Sunday 5 June 2011

Brent Council Snuffs out the Lights

From Brent Council's website (last year)
Petitioners will be at the June 13th Executive to protest at the cuts of funding for festivals. They include 5,000 signatures to save Navratri and 110 to Save the St Patrick's Day Parade.

The Executive will vote on a 'no faith funding' approach that will even see the Christmas lights go out. In an ominous echo of David Cameron's strictures on the 'divisiveness'  of 'multiculturalism' the Council proposes to fund events which are 'inclusive of the whole diverse Brent Community' including a new 'Brent Celebrates' event.  However in the same paper it says that the new Civic Centre performance area and that of the rebuilt Willesden Green hub (if it goes ahead) will showcase Brent's diversity. Didn't Navratri etc do that? Is Guy Fawke's Night inclusive?

To be fair to the Council here is their justification for the preferred policy option:
Cease delivery of any faith-based events and deliver a reduced programme
Deliver one Brent Celebrates event (which is anticipated to be an event attracting up to 30,000 people) and continue to provide fireworks night and Holocaust Memorial Day. The council would also work with others in the community, to provide advice and guidance to resident groups to promote festivals and events they may identify.

This would mean the council ceasing its current events for Chanukah, St Patrick’s Day, Eid, Diwali, Christmas, St George’s Day, LGBT Month, International Women’s Day. It would also no longer fund Navrati or the Christmas/festive lights.

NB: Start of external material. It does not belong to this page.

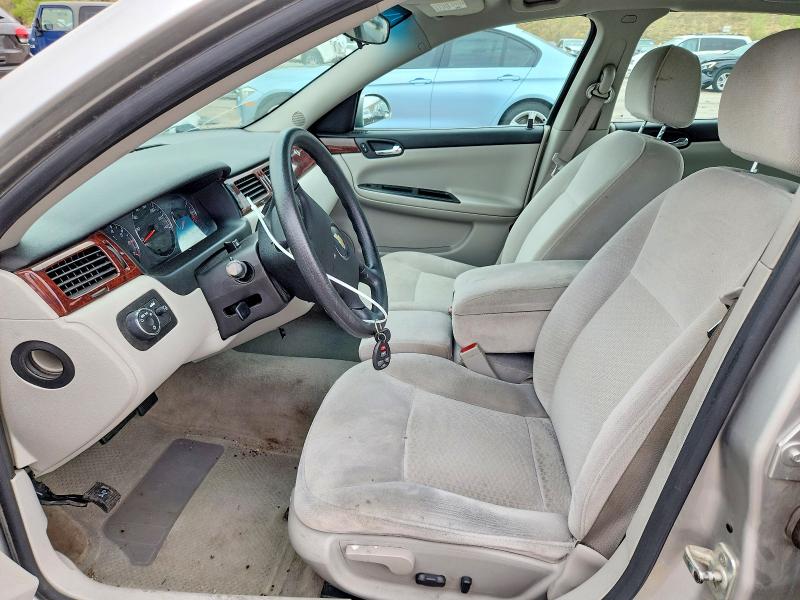 70119426 :رقم المزاد ، 2G1WT55N479340523 vin ، 2007 Chevrolet Impala مزاد بيع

This option would enable the council to build on the support already provided to a number of events, festivals and activities delivered by community groups which is currently working well. This would meet the requirements identified in the Brent Cultural Strategy 2010-2015 of providing a key leadership role in developing partnerships with cultural providers. This support could include advice and, where appropriate, training. Savings of approximately £270,000 would be achieved in the first year. The consultation feedback does not oppose this option and does support festivals and activities that bring all communities together.